Mit viel Unterhaltung und wenig Konfrontation ging es dann weiter. Roger Köppel unterliess es, die teils gegensätzlichen Aussagen von Markus Ritter und Jérôme Meyer zu hinterfragen und die beiden vor dem Publikum debattieren zu lassen. Steilpässe dazu hätten die beiden mehrere geboten – insbesondere in Sachen Preispolitik im Detailhandel. Köppel stellte zwar die Frage, ob Aldi denn den Bauern genug für ihre Produkte zahlen würde, liess Meyer dann aber im Wohlfühlbereich argumentieren. Meyer sprach über Bio, das richtig gut ankomme, über Versorgungssicherheit und kostenbewusste Kundschaft. Weiter hob er hervor, dass Aldi als einzige Anbieterin in der Schweiz auf die Bewerbung von spanischen Erdbeeren verzichtet. Eine Antwort auf die Frage nach korrekten Preisen liess der Aldi-Chef aber aus.

Augen eines Raubtiers

Fleisch an den Knochen brachte auch die Diskussion ums Fleisch nicht.
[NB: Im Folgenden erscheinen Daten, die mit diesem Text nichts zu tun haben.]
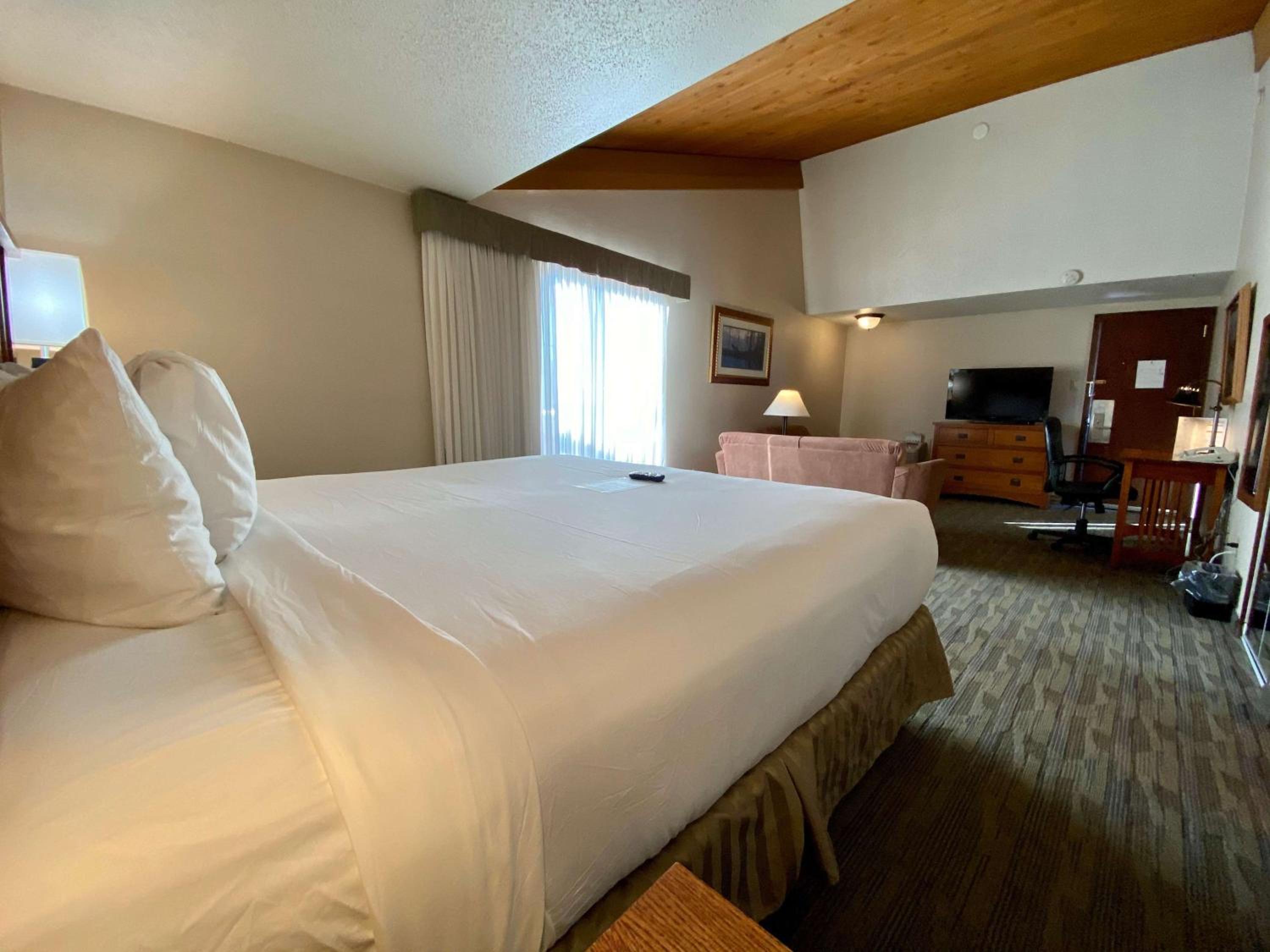 Oversize King Room with Jetted Tub - Photo 6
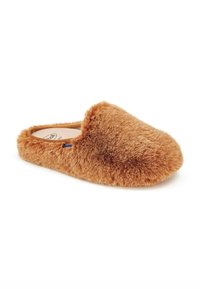 Bruine fuzzy instapslipper met een ronde neus en een zachte nepbont buitenkant; heeft een gevoerde binnenzool en beige voering.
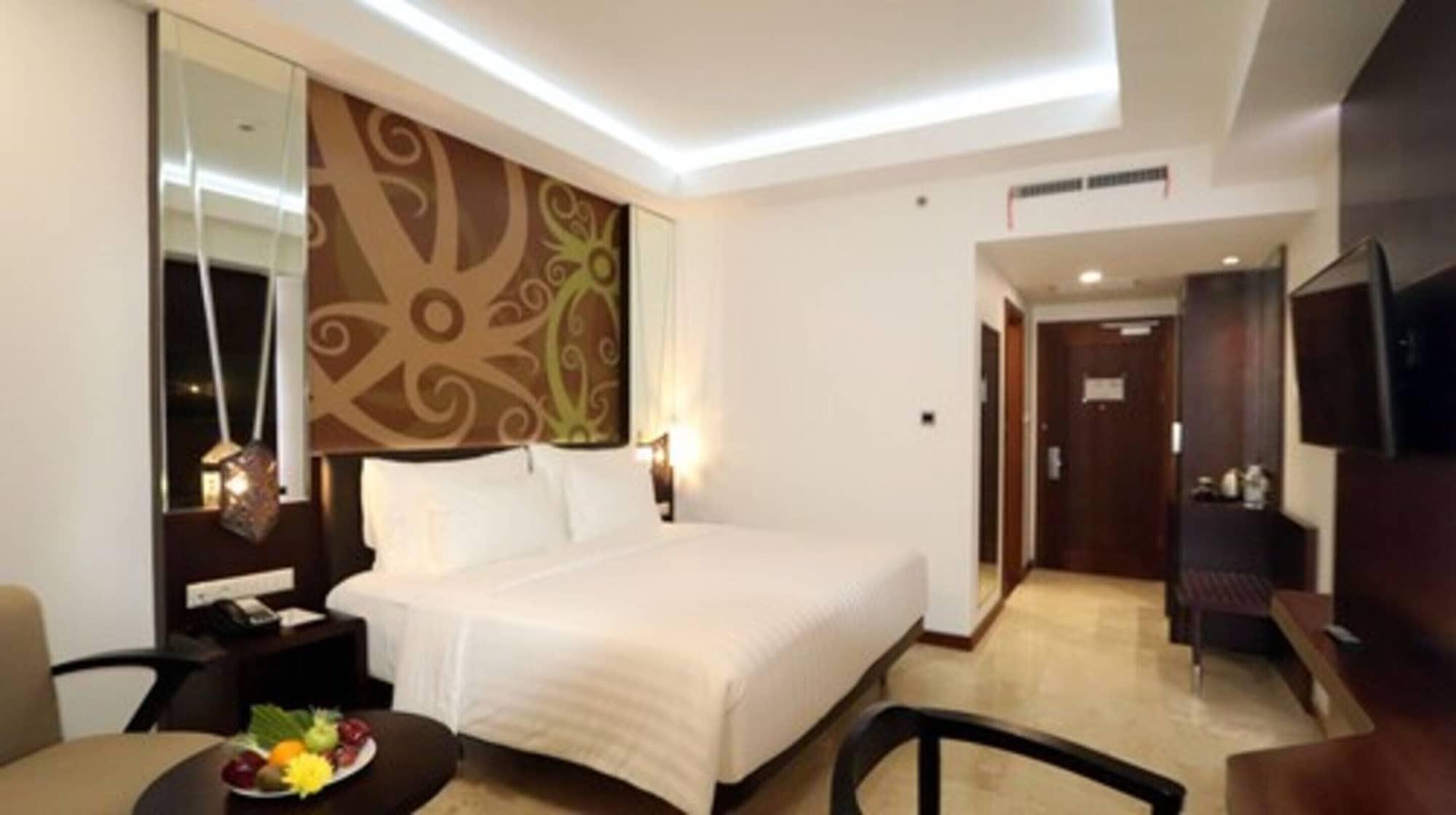 M Bahalap Hotel Palangka Raya Экстерьер фото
Zumindest aus landwirtschaftlicher Sicht. So konnte Markus Ritter abermals von einem stabilen Fleischkonsum berichten – rund 50 kg pro Kopf. Das, obschon Köppel von einem politischen und medialen Druck auf die Fleischproduktion berichtete. Ritter geht indes nicht von einer Veränderung in diesem Bereich aus. «Solange der Mensch die Augen geradeaus gerichtet hat – wie die anderen Raubtiere auch – und nicht etwa wie die Geissen, Kühe und Schafe, welche die Augen zur Seite gerichtet haben – solange werden wir Fleisch essen», erklärte Ritter und erntete entsprechend Lacher dafür.

Bier statt Wein

Lediglich amüsant blieb es auch bei der Frage nach den flüssigen Vorlieben. Während Roger Köppel davon ausgeht, dass der Weinkonsum in der Schweiz gestiegen sein müsste – das nicht zuletzt deshalb, weil man sich die Politik schöntrinken müsse –, erklärte Jérôme Meyer, dass die Schweizer lieber zum Bier greifen würden als zum Wein. Das habe stark mit der Vielfalt zu tun, die hier in den letzten Jahren entstanden sei. «Der Weinkonsum geht sogar zurück», so Meyer.

Eine Zusammenfassung des Abends bot Markus Ritter bereits lange vor Abschluss der Runde mit dem Satz: «Wir müssen das produzieren, was wir verkaufen können – der Konsument entscheidet.» Zu welchem Preis, das blieb, wie gesagt, weitgehend unbeantwortet.